What are you thinking at this point? Great remorse. I knew it would hurt my witness for God, hurt my wife who had been so faithful and so loyal. The shame of it-my kids, they would face this. Suddenly you go from stellar career to common thief. I wanted to run away and hide, but my face was all over.

Amid that shame, what did you tell yourself? That Jesus died for every sin committed-past, present, future. There was no sin I could commit that Christ did not first cover it. Jesus has atoned for my sins.

Ending up with just two years of probation must have been a relief. My family and I were greatly blessed and greatly cared for in the midst of all of this. This has not been a comfortable time. It's not comfortable coming here to share this, because I still bear great shame for what I've done, but with all the regrets I have, I would not trade this experience. I have come to know my Savior in a very real and personal way. More than anything else, God has affected my heart toward those that I would be very hard-hearted toward.

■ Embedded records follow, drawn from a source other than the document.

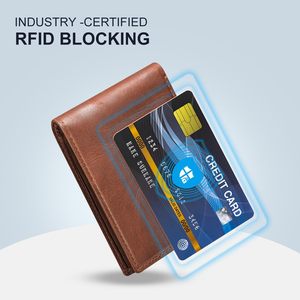 Portefeuille Homme Premium 2026 en Cuir Véritable Tendance Court et Fin à Double Volet avec Fermeture Ouverte, Poche Rabattable et Fenêtre de Sécurité RFID pour Cartes d'Identité - Product Image 4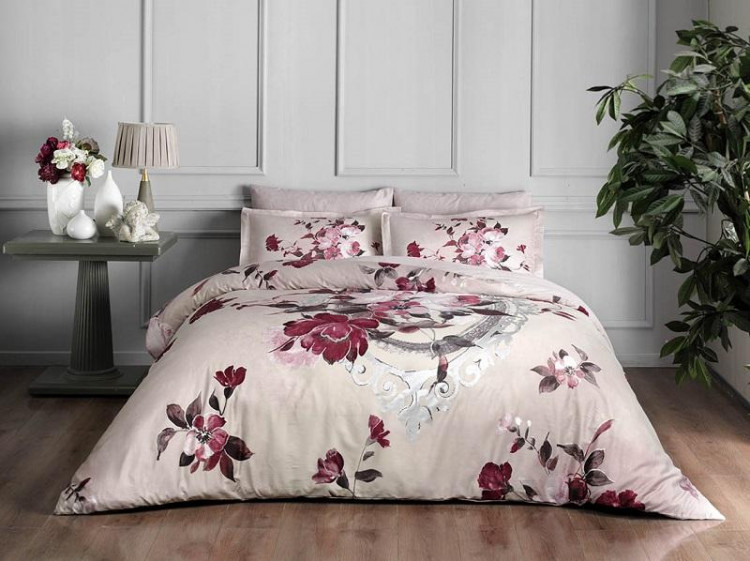 Постельное белье из сатина люкс TAC DELUX ELEGANCE VELLA бордовое евро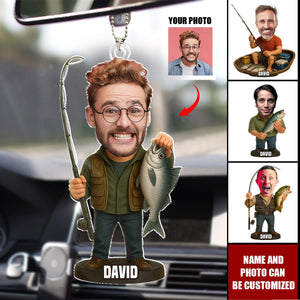 Custom Gifts For Fisherman - Personalized Photo Car Ornament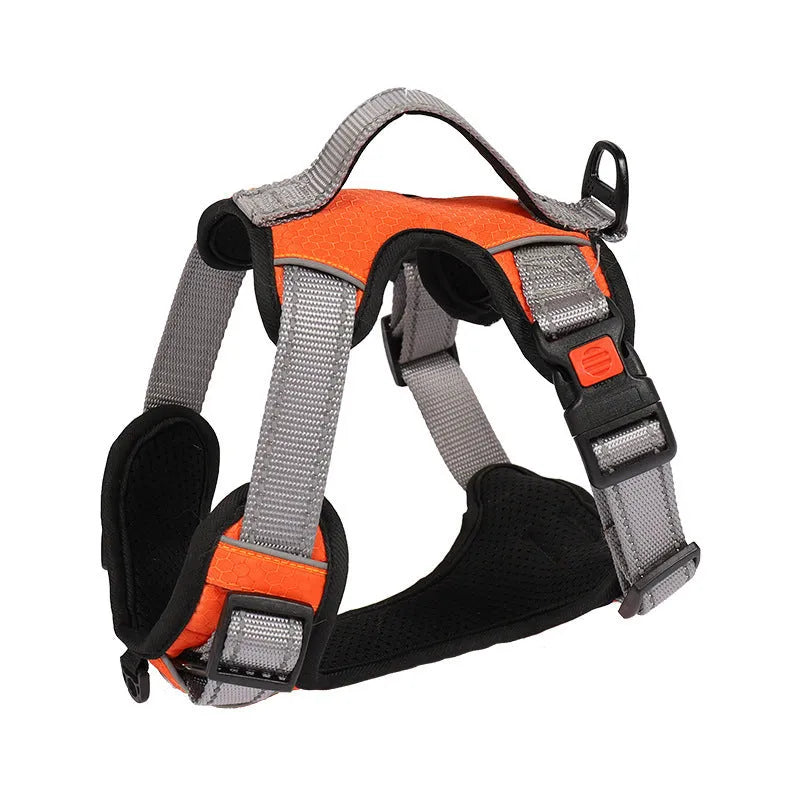 Polyester dog hand holding rope vest chest strap in orange with back panel and handle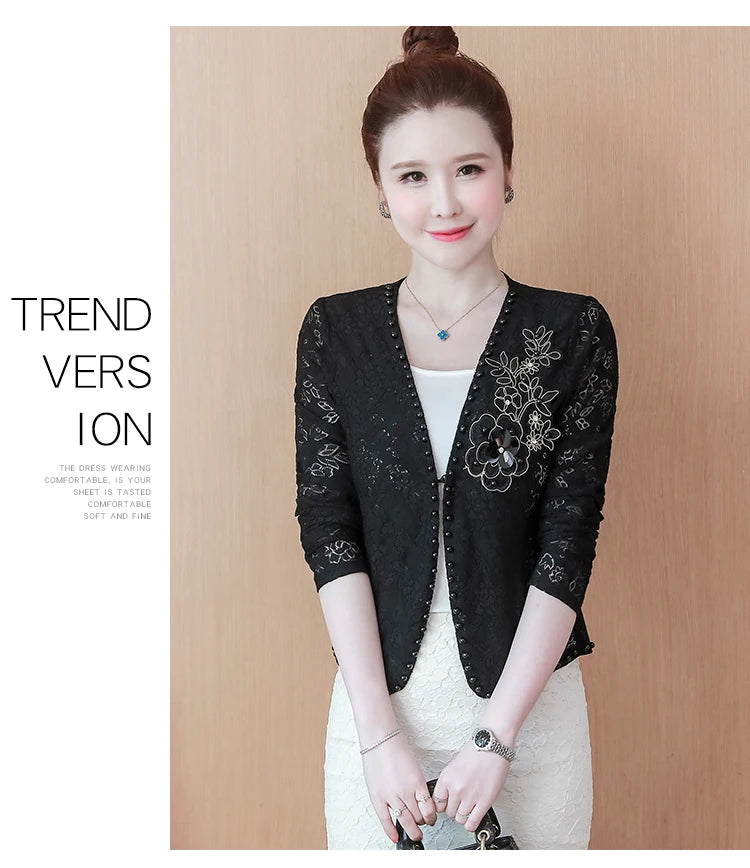 Short Lace  Long Sleeve Embroidery Cardigan
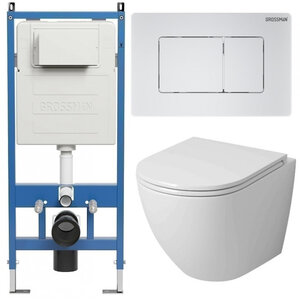 Изображение товара Подвесной безободковый унитаз Grossman Classic GR-4455SQ с инсталляцией и системой торнадо Изображение товара Подвесной безободковый унитаз Grossman Classic GR-4455SQ с инсталляцией и системой торнадо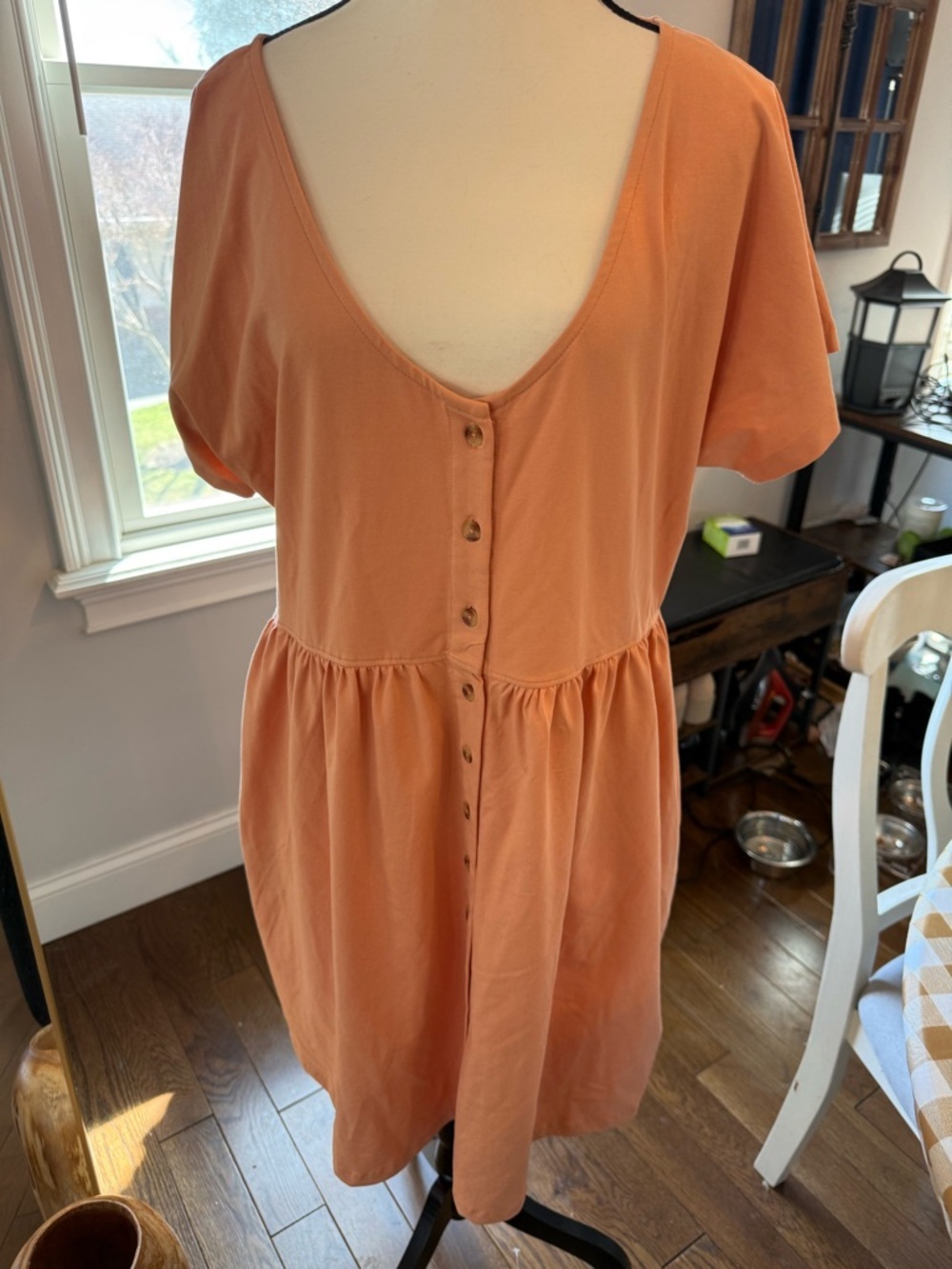 Known Supply Organic Cotton Short Sleeve Dress in Peach Dress w Pockets PTP 20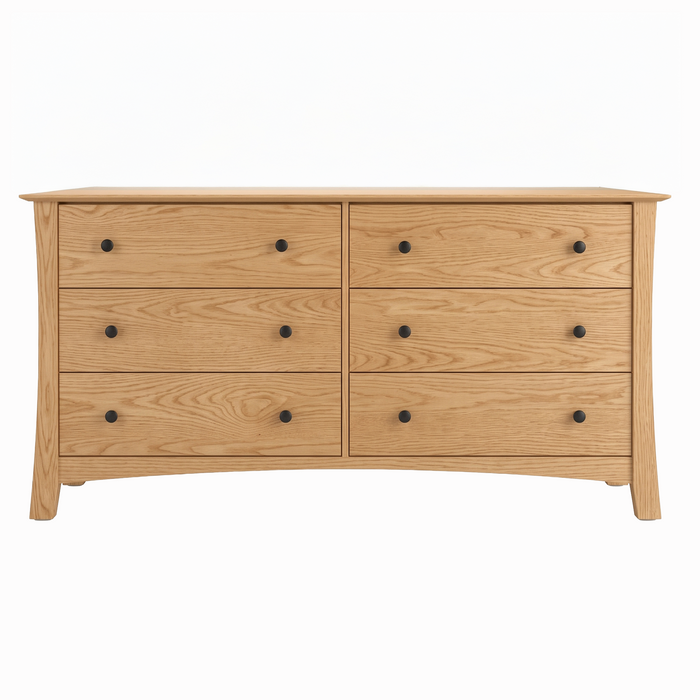 Armstrong Six Drawer Dresser — Oak wood reference; selected finish may differ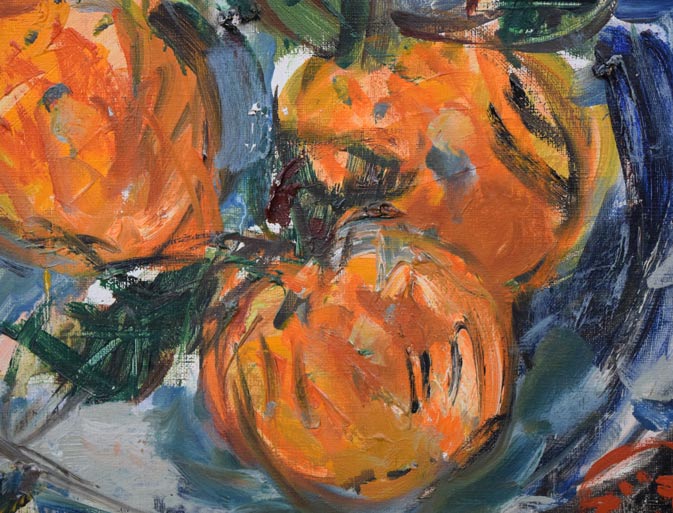 木田金次郎「蜜柑」油絵・F4号 拡大画像2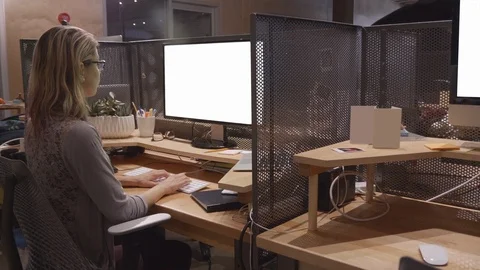 Woman Business Computer Desk Working Person, White Blank Screen Businesswoman Stock Footage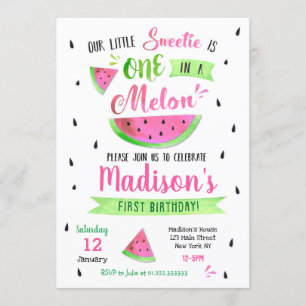 One in a Melon Birthday Party Invitation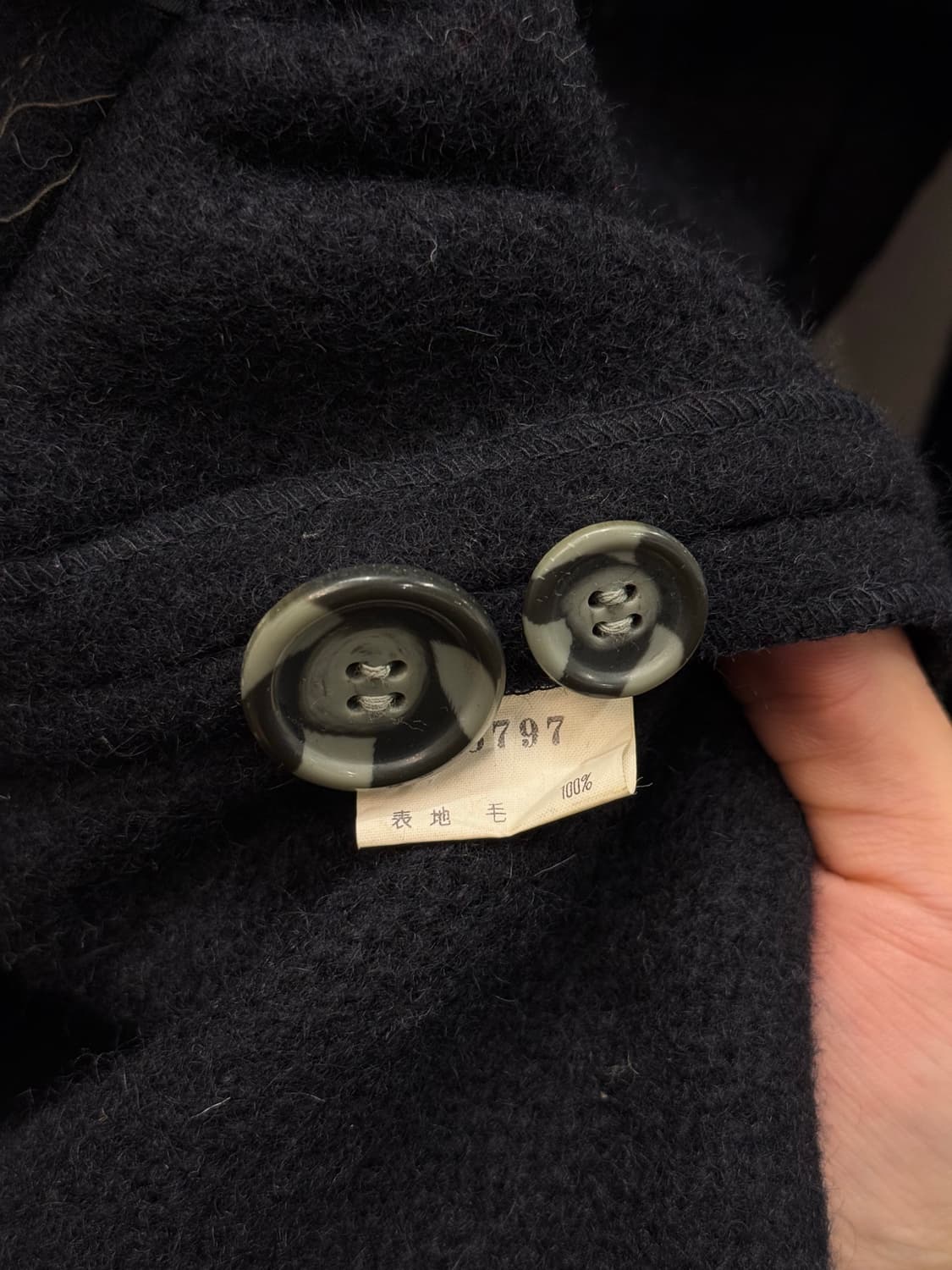 L) 90s Contrast Stitch Wool Car Coat 상품이미지8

Out of the public eye-I haven't found articles about you since 2006-what have you been doing? It's been seven years of God breaking me down and rebuilding me for His purposes. I've worked at the Gerard Health Foundation on three issues: pro-life, abstinence education, HIV AIDS prevention. I just returned from Zambia with 14 people, visiting an orphanage over there that has a remarkable model of how to provide for kids. (See "Saving Isaac," WORLD, Nov. 10, 2007.)

And you're a baby rescuer? We support a project that does neonatal resuscitation. As a part of my job I had to be trained in "Helping Babies Breathe," neonatal resuscitation-and I'm now a "master trainer." I travel the world teaching doctors, nurses, birth attendants, and midwives how to rescue babies who otherwise would be left to die at birth.

So when you look back on your trajectory? I am fearful for where I would be if I had kept on that trajectory of going up and up. I look back on the pain, and my sin, as God's gift. God gives us second chances, and I want to make the most of the second chance that He's given me. I want to do that in showing mercy and kindness to others who have not experienced that.